It will be understood that when an element or layer is referred to as being “on,” “connected to” or “coupled to” another element or layer, it can be directly on, connected or coupled to the other element or layer or intervening elements or layers may be present. In contrast, when an element is referred to as being “directly on,” “directly connected to” or “directly coupled to” another element or layer, there are no intervening elements or layers present. Like reference numerals refer to like elements throughout. As used herein, the term “and/or” includes any and all combinations of one or more of the associated listed items.
It will be understood that, although the terms first, second, third etc. may be used herein to describe various elements, components, regions, layers and/or sections, these elements, components, regions, layers and/or sections should not be limited by these terms.
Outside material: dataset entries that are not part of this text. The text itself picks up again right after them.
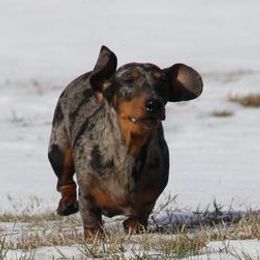 Dachshunds from Tri-Mi Dachshunds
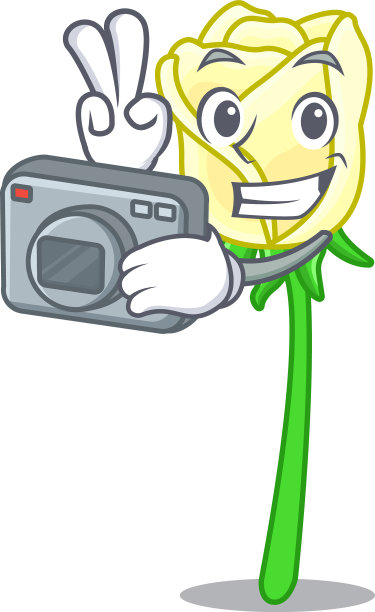 摄影师白玫瑰在人物桌上图片下载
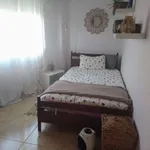 Rent a room of 80 m² in alicante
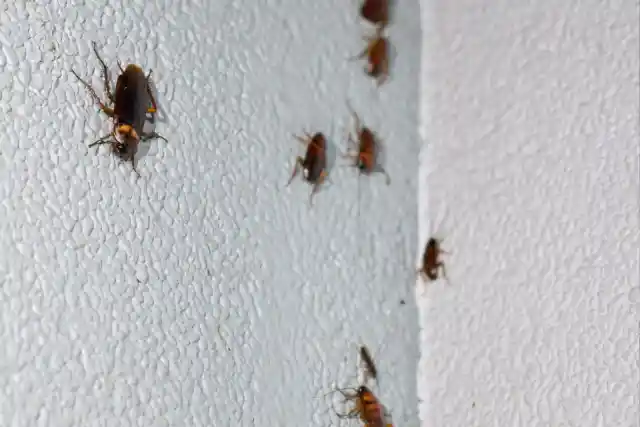 Cockroaches Everywhere
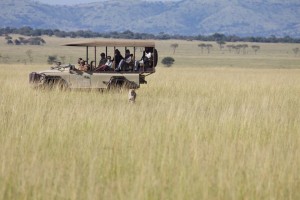 Watching the cheetah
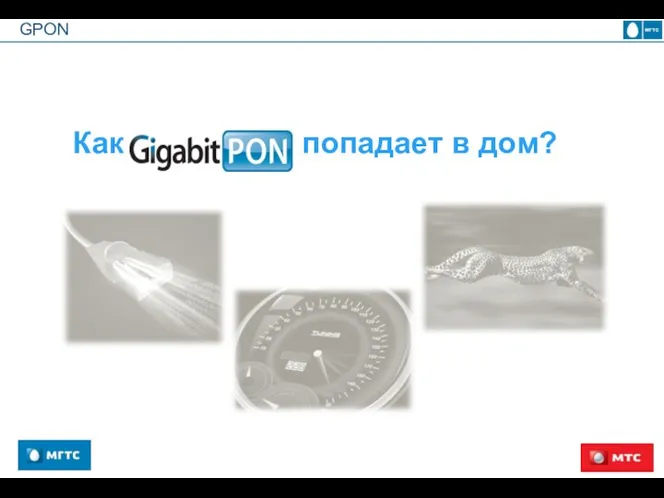 GPON Как попадает в дом?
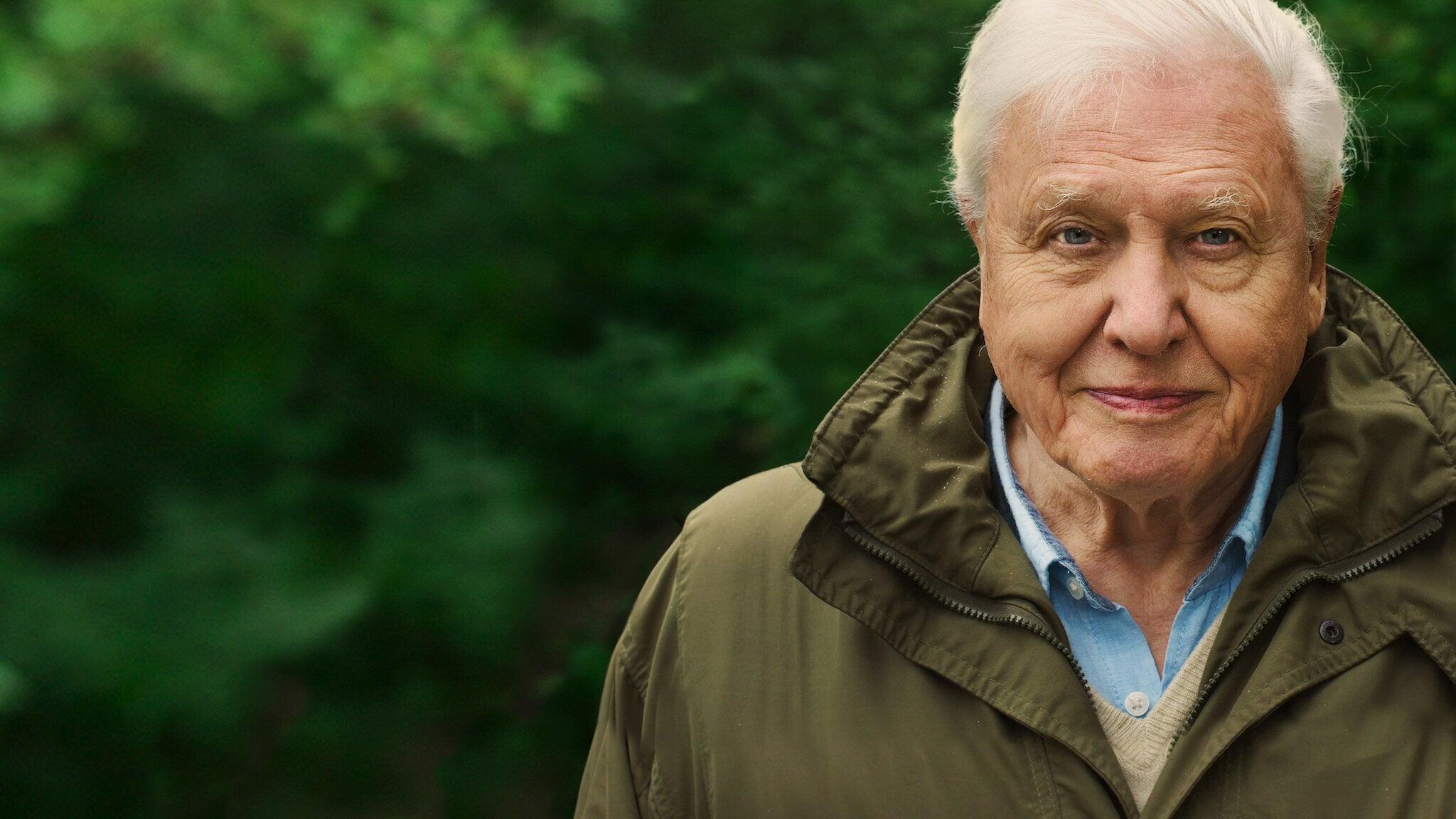 David Attenborough: A Life On Our Planet - Where To Watch And Stream ...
These terms are only used to distinguish one element, component, region, layer or section from another region, layer or section. Thus, a first element, component, region, layer or section discussed below could be termed a second element, component, region, layer or section without departing from the teachings of the present invention.
Spatially relative terms, such as “beneath,” “below,” “lower,” “above,” “upper” and the like, may be used herein for ease of description to describe one element or feature's relationship to another element(s) or feature(s) as illustrated in the figures. It will be understood that the spatially relative terms are intended to encompass different orientations of the device in use or operation in addition to the orientation depicted in the figures. For example, if the device in the figures is turned over, elements described as “below” or “beneath” other elements or features would then be oriented “above” the other elements or features. Thus, the example term “below” can encompass both an orientation of above and below. The device may be otherwise oriented (rotated 90 degrees or at other orientations) and the spatially relative descriptors used herein interpreted accordingly.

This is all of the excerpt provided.